*** Begin section ***

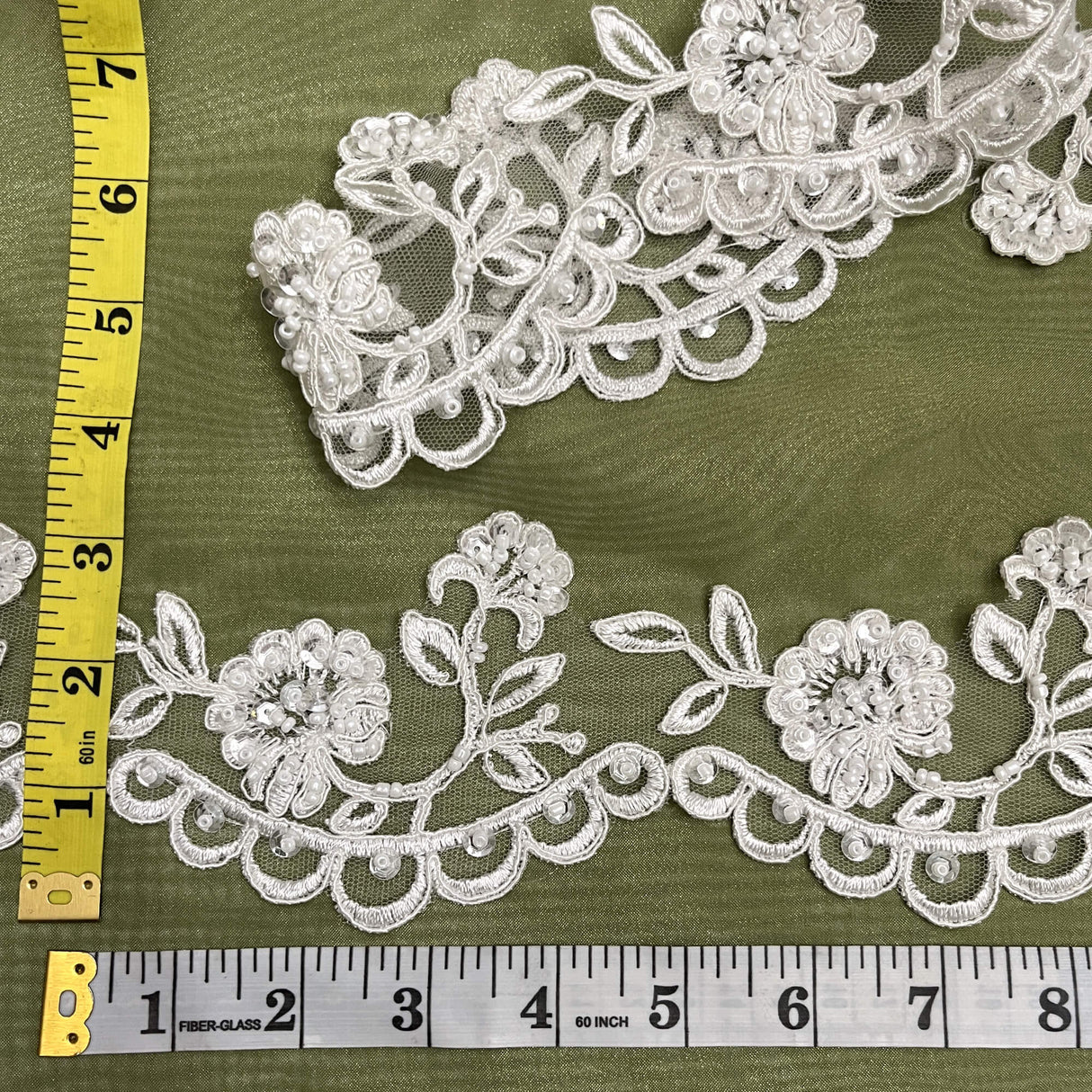 Beaded Corded Lace Trim Ivory
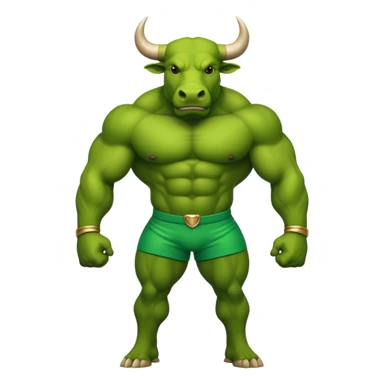 Green bull with clothes sticker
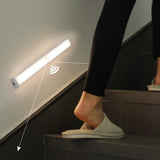 HULIANFU Rechargeable LED Under Cabinet Lighting Closet Light Motion Sensor Kitchen Night Wardrobe With Magnetic Strip For Stairs Bedroom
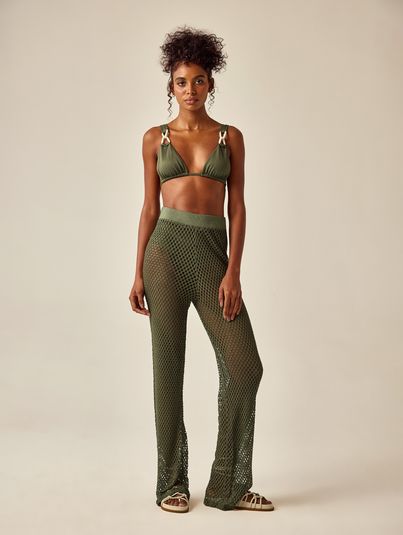 Calça Reta Ampla Em Tricot Verde Croco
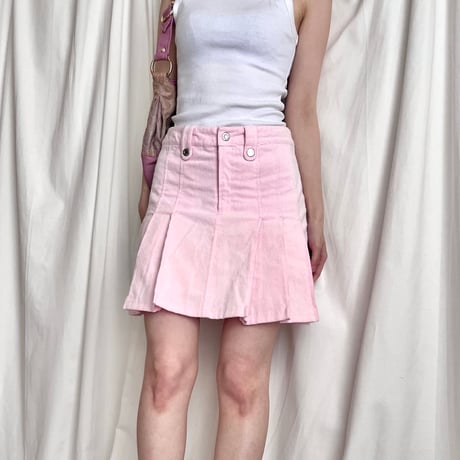 courreges pink corduroy pleats mini skirt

*** End section ***

To do: Pictures stay out of the copy; print the material above exactly.

Task answer:
 Beaded Corded Lace Trim Ivory
 Green bull with clothes sticker
 HULIANFU Rechargeable LED Under Cabinet Lighting Closet Light Motion Sensor Kitchen Night Wardrobe With Magnetic Strip For Stairs Bedroom
 Calça Reta Ampla Em Tricot Verde Croco
 courreges pink corduroy pleats mini skirt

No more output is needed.